Tell me, do you have any make-ahead tricks of your own? Truly, MKR
No. One...Shrimp. I love having shrimp ready as it’s a very low calorie option and takes about 5 minutes to make. Simply remove the shell and devein the shrimp making them ready to be thrown in a sauté pan with a little high quality olive oil, salt and pepper.
No. Two…Sweet Potatoes. I’ve peeled and cubed sweet potatoes since a sweet potato or squash is the perfect vegetable to have on hand for future roasting (I roast mine with a little olive oil, salt, pepper, curry, and cinnamon). And don’t think of it just as a side; sweet potato tacos are a game changer!
No. Three...Pasta. Pasta is always a crowd pleaser, and it’s the easiest meal to prepare in advance. Simply boil your noodles until they’re al dente, then when you’re ready to cook, add them to any large saute pan with your desired sauce and vegetables. Or even serve it room temperature like one of my all-time favorite dishes.
No. Four…Fruits & Veggies. I stock up on fruits, lettuce, and vegetables such as carrots, peppers, broccoli, cauliflower, pineapple cantaloupe, and many others that can be pre-chopped (I’m obsessed with this gadget for smaller chops) ahead of time. By spending the time and pre-cutting, you’ll be ready to throw them into a plethora of weeknight dishes like stir fry, a great salad, or simply roast or steam them as a side. Not to mention, you’ll always have a healthy snack on hand in a pinch. Salad isn’t a favorite of mine, but I’m much more likely to eat it if it’s easy to prepare and it’s chopped-style, so I always pre-chop lettuce to be the base of said salad or as an easy weeknight side. And lately I’ve been doing a lot of zoodles (recipe HERE & HERE) which you can spiralize up days ahead of time.
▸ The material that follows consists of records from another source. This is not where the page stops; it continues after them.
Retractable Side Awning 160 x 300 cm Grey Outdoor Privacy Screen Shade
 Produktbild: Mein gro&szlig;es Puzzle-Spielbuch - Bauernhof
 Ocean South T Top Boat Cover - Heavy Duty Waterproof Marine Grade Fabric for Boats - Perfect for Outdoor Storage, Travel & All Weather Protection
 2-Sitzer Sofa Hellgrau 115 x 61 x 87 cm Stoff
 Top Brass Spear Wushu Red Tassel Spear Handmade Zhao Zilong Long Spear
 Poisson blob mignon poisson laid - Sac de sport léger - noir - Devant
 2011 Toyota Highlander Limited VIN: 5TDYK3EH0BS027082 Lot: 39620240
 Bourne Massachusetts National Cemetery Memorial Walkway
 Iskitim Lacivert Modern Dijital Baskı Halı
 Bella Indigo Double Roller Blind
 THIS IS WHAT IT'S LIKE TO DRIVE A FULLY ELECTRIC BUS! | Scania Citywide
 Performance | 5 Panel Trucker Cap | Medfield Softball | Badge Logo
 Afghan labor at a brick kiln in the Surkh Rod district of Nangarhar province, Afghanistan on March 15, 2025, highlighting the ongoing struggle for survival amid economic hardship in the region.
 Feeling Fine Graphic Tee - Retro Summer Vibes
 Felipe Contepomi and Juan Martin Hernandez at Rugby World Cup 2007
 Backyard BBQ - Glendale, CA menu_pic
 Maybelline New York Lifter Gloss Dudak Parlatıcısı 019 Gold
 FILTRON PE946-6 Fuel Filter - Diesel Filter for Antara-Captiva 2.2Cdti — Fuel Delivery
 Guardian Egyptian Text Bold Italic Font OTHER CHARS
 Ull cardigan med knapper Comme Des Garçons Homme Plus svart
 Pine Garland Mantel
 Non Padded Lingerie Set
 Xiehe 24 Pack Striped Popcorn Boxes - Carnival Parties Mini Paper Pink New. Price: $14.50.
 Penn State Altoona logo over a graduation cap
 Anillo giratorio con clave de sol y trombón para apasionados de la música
No. Five…Eggs & Nuts. Since eggs and nuts are staples in my pantry, refrigerator, and diet, I always have these ready-to-eat. I don’t eat meat, so I’m always conscious of my protein intake. Hard boiled eggs and nuts are an easy way to keep those levels high, whether they’re atop a salad or just enjoyed as a snack.
No. Six…Utilize the Crockpot. I’m a lover of the crockpot; it just makes meals so easy. So for the meat eater in my life (the hubs) I always do a dish or two in the crockpot each week and marinate or make them up in advance. I’ll marinate chicken in an Italian dressing or vinaigrette with green onions and jalepenos then throw it in the crockpot with potatoes and peppers and a few hours later you’ll have the heartiest of meals. Another great meat to make ahead: meatballs. They only take a moment to cook, and you can serve the meatballs on top of a pasta, or low-carb style alone with some veggies.